**SUPPLIED MATERIAL:**
☆ ☆ ☆ ☆ ☆

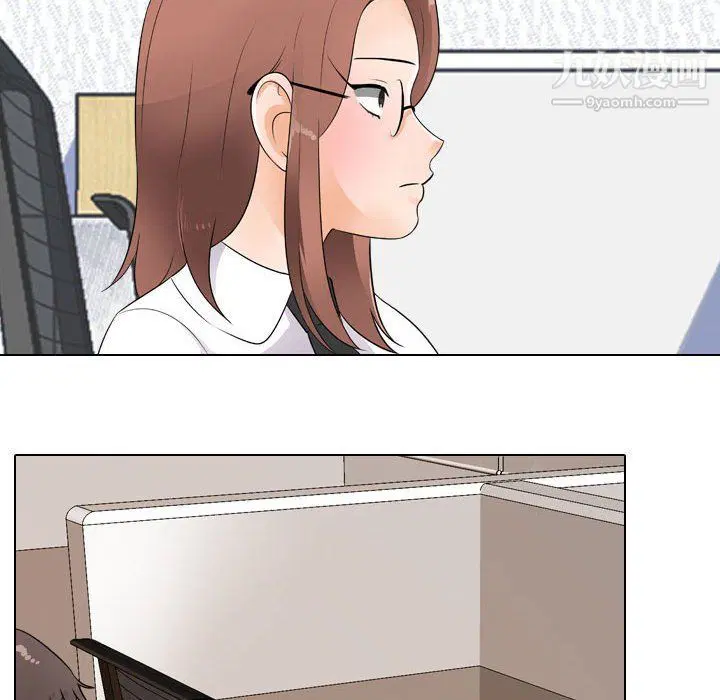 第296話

☆ ☆ ☆ ☆ ☆

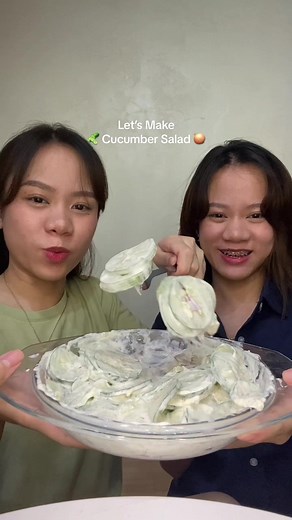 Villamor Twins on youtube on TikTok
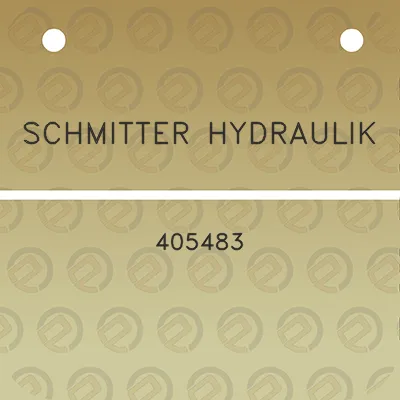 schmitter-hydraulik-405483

☆ ☆ ☆ ☆ ☆

**YOUR INSTRUCTIONS:**
Working from the records above, set down word for word everything from the line containing "Villamor Twins on youtube on TikTok" down to the line containing "schmitter-hydraulik-405483", ends included, minus the pictures.

**OUTPUT OF THE EXERCISE:**
 Villamor Twins on youtube on TikTok
 schmitter-hydraulik-405483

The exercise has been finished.